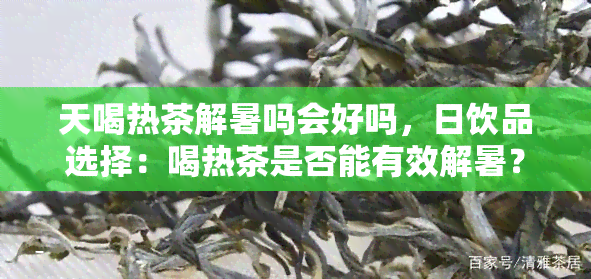 天喝热茶解暑吗会好吗，日饮品选择：喝热茶是否能有效解暑？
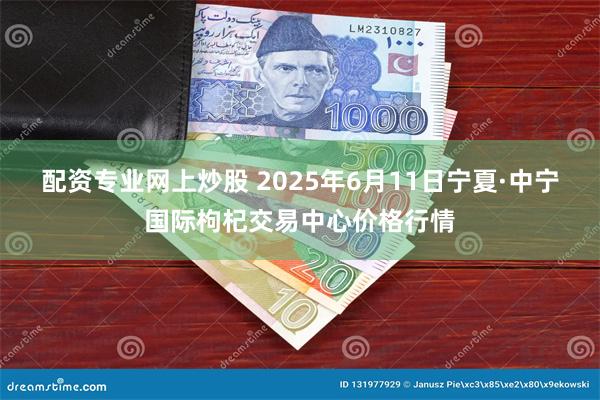 配资专业网上炒股 2025年6月11日宁夏·中宁国际枸杞交易中心价格行情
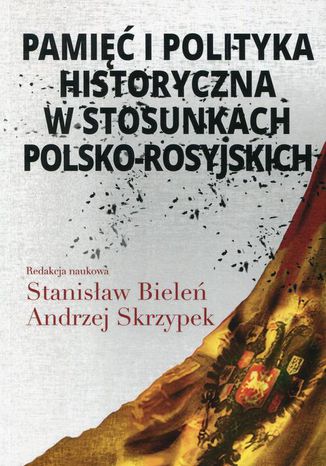 Pamięć i polityka historyczna w stosunkach polsko-rosyjskich Andrzej Skrzypek, Stanisław Bieleń - okladka książki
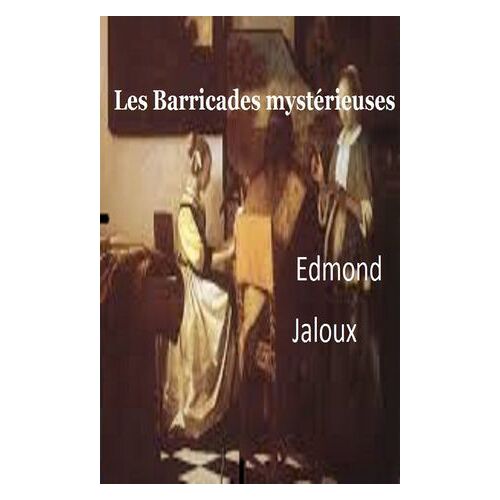 Les Barricades Mystérieuses Annoté Illustrés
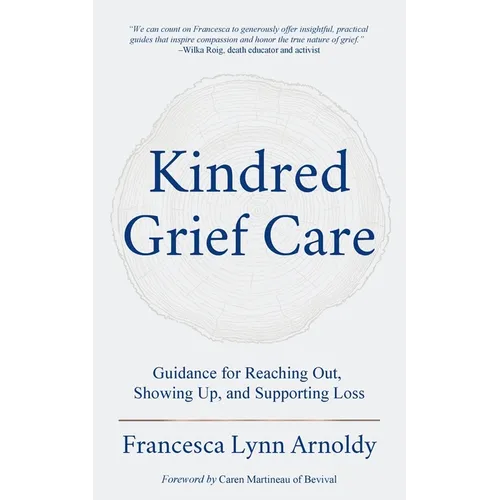 Kindred Grief Care: Guidance for Reaching Out, Showing Up, and Supporting Loss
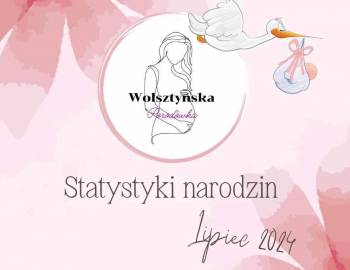 Statystyki urodzeń za miesiąc lipiec 2024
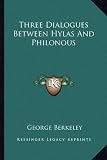 Three Dialogues Between Hylas And Philonous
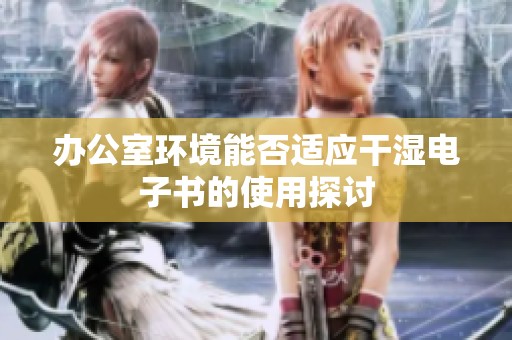 办公室环境能否适应干湿电子书的使用探讨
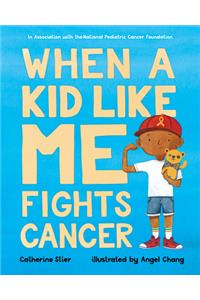 When a Kid Like Me Fights Cancer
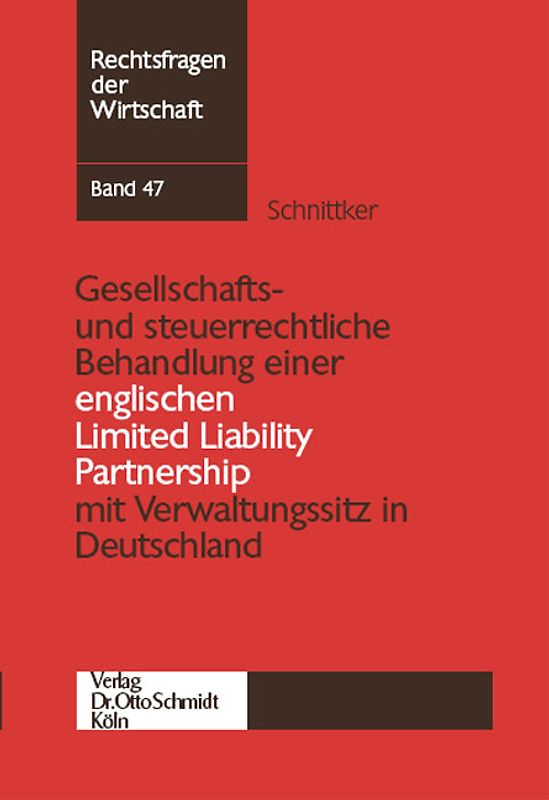 Gesellschafts- und steuerrechtliche Behandlung einer englischen Limited Liability Partnership mit Verwaltungssitz in Deutschland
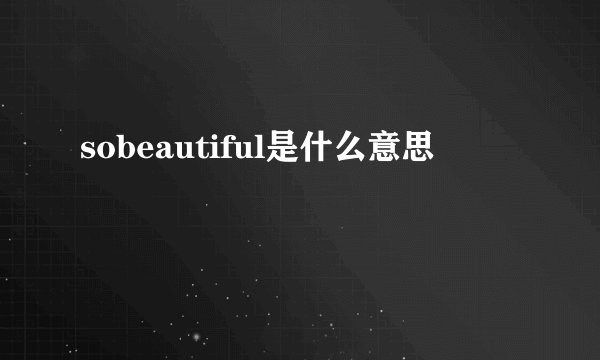 sobeautiful是什么意思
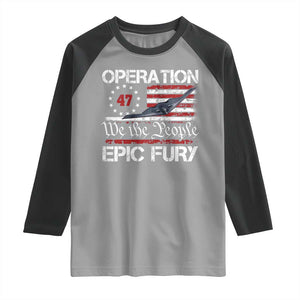 Operation Epic Fury Raglan Shirt Military Bomber Stealth Jet Vintage American Flag TS11 Sport Gray Black Print Your Wear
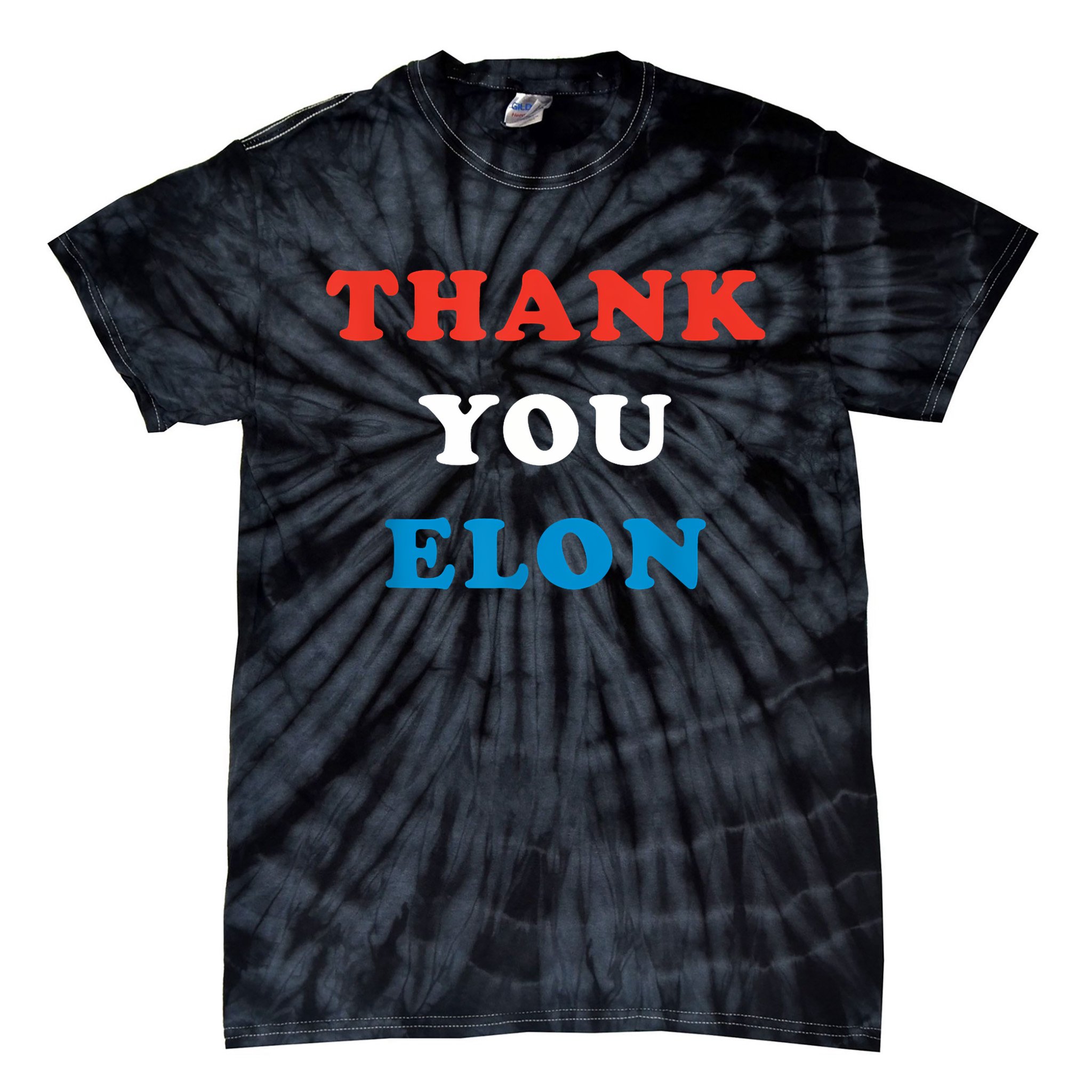 Thank You Elon Tie-Dye T-Shirt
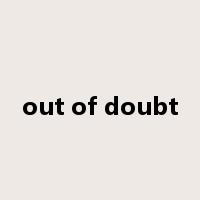 out of doubt是什么意思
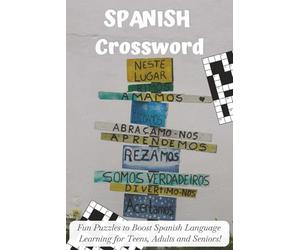 Spanish Crossword Puzzle Book: Crossword Puzzles with Easy to Read Print about Spain, Spanish Culture and More| 6x9 inches, 120 Pages | 50+ Puzzles... ... Times! Ideal for Teens, Adults and Seniors!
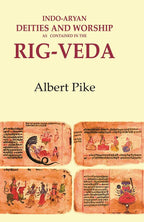 Indo-Aryan Deities and Worship as Contained in the Rig-Veda - Gyan Books | Grocsy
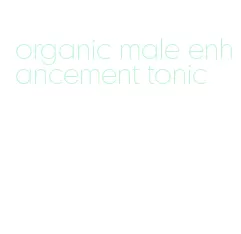 organic male enhancement tonic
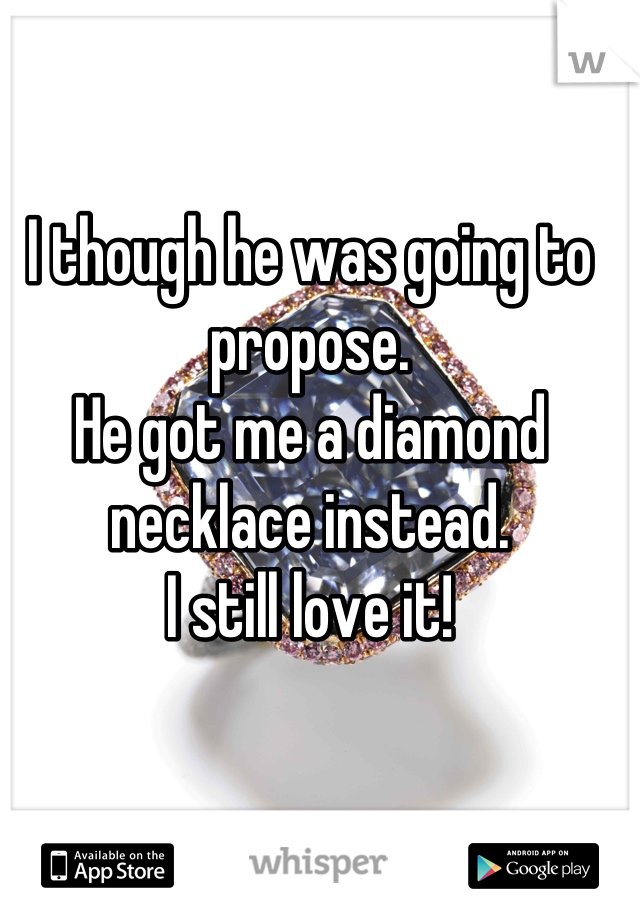 I though he was going to propose.
He got me a diamond necklace instead. 
I still love it!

__________________________________________________

#### Exercise
When you find the line that contains "Thank You Elon Tie-Dye T-Shirt", retype it and every line after it through the end of the data above, exactly, with no pictures.

#### Output below
 Thank You Elon Tie-Dye T-Shirt
 out of doubt是什么意思
 Spanish Crossword Puzzle Book: Crossword Puzzles with Easy to Read Print about Spain, Spanish Culture and More| 6x9 inches, 120 Pages | 50+ Puzzles... ... Times! Ideal for Teens, Adults and Seniors!
 Indo-Aryan Deities and Worship as Contained in the Rig-Veda - Gyan Books | Grocsy
 organic male enhancement tonic
 I though he was going to propose.
He got me a diamond necklace instead. 
I still love it!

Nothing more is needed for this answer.